A problem with this approach is I can't sample batches according to length anymore so the loss will be distorted (shorter sentences are over-represented). Let's see how it goes...

Hit a wall: tensorflow/tensorflow#9506

I tested different solution but int32 isn't allowed into GPU and float32 doesn't work with tf.nn.embedding_lookup.

with tf.device("/gpu:0"):
    a = tf.Variable([0,1,2], dtype=tf.float32)
    E = tf.Variable(np.random.rand(1000, 50))
    embs = tf.nn.embedding_lookup(E, a, validate_indices=False)
with tf.Session(config=tf.ConfigProto(log_device_placement=True)) as sess:
    sess.run(tf.global_variables_initializer())
    sess.run(a)

Wed 5 Jun

Met with Jacopo. Looks like computer science department can't solve our issue. One solution is to write a short paper (or technical report) on reproducing the Google paper.
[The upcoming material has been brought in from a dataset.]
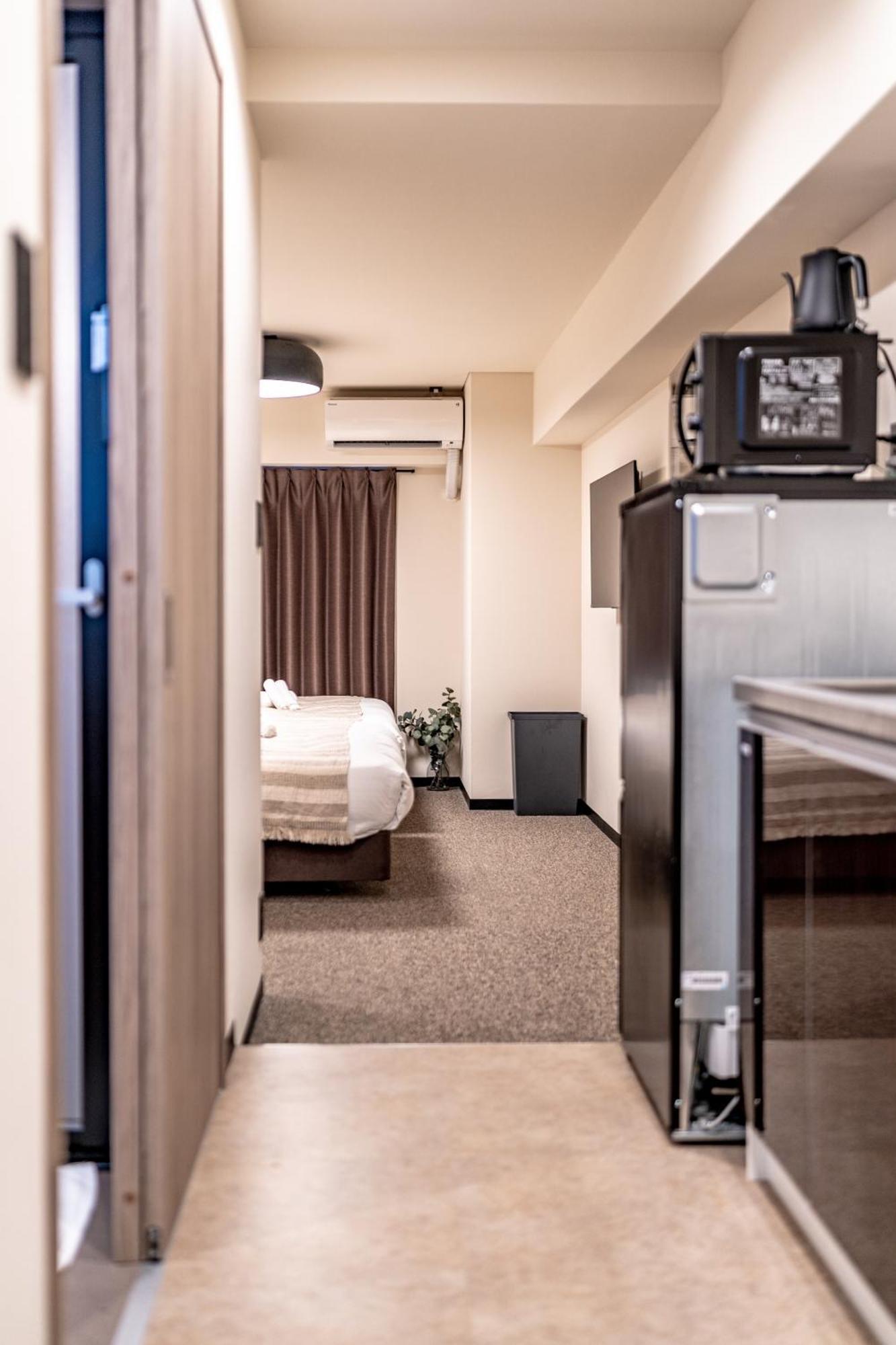 Lite House Shinsaibashi IV Hotel Osaka Exterior foto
But first Jacopo would like to give it a shot.

Ran things on full data and the program start chunking out NaN. Turns out that int32 is not big enough so I get negative indices.

>>> import numpy as np
>>> train=np.load('output/gigaword-lstm-wsd.train.npz')
>>> idx = train['indices']
>>> idx[-1]
array([-1123920531,         117,         101,   377887591,        3973, 3972], dtype=int32)

I converted everything into int64 and now the preparation script throws MemoryError :-( Now I need to take care of memory usage again.

Plan: use mem-map to perform linearization and serialization at the same time. Write both sentences and vocabs into one vector (they are flattened anyway), indices are written to an 2-D array.

Thu 6 Jul

I should have realized that int64 is troublesome since I had seen this discussion on Github earlier. After solving all problems with saving and loading data, now I get this error:

Input 'strides' of 'StridedSlice' Op has type int32 that does not match type int64 of argument 'begin'

This is how to reproduce it:

In [35]: import tensorflow as tf
    ...: a=tf.Variable([0,1,2], dtype=tf.int64)
    ...: i = tf.constant(1, dtype=tf.int64)
    ...: a[i]
    ...:
[...]
TypeError: Input 'strides' of 'StridedSlice' Op has type int32 that does not match type int64 of argument 'begin'.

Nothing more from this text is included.